And why restrict this only to copyrights? Being an artist is a job like any other. Everyone should be doing their jobs for free and relying on the praise and social value they get from a job well done.

We don't need to resort to hypotheticals here. There are numerous examples of companies making mad money in the face (Often because of) their creation being copied frequently.

Also, nobody said anything about "free". Copyright prevents people from copying things. It doesn't facilitate the ability to charge money for software.

Plus, even if it did ensure more money for artists (which it doesn't) and even if it wasn't something that destroyed artists's ability to innovate (which it is), then is still would not be justified. Just because you want artists to be richer doesn't mean it's okay to extract that money from peaceful people at the gun-point of the court system.

RicoADF:
Copyright and IP/trademarks are 2 different things. Copyright as its supose to be used is a good thing. its ment to ensure the creator gets paid for their work.
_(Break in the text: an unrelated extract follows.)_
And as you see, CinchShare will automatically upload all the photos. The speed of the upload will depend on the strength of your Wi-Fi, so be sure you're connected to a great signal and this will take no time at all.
US corporate system screws that over though.

Not to nitpick, but copyrights and trademarks are both subsets of 'intellectual property', or IP.

How does the US corporate system screw over the intentions of copyright? Are you referring to how they're extending the term of the copyrights nigh indefinitely?

shadow skill:
1. Jobs of any kind are not actually connected to survival. That we humans have a fetish for this kind of thing, is our own problem a purely mental one at that.

2. The artist is in possession of a skill, the skill is valuable because not everyone has it. The productions requiring said skill were never the thing of value as far as the artist was concerned, his or her skill was.
An artist who thinks that his or her productions are the thing to monetize is simply doing it wrong. It is not the job of consumers of his or her productions (Commodities that are subject to mass production.) to shield him or her from this by kneecapping themselves.

1. Here's one episode in a short web series explaining why jobs aid in prosperity: http://www.youtube.com/watch?v=7yOHjRThM_o The same principles show how humans are able to survive in such great numbers thanks to jobs, or more accurately, the specialized division of labor.

2. Definitely. If you're talented at making games, and you want to make a living with it, then you should be coming up with a strategy that doesn't involve victimizing peaceful people whose 'crime' was making copies of things.

Strazdas:

Novuake:

F#>k that hogwash, I play games YEARS after they are release. I am a nostalgic one, I have a dedicated Win98 machine for some older games that just will not work on later systems. Anyway... DRM has to go, but it won't and that makes me sad.

Oh, i do play games long after, and thats how i discovered those peoblems. want to play empire earth? sorry, we clsoed servers down in 2008.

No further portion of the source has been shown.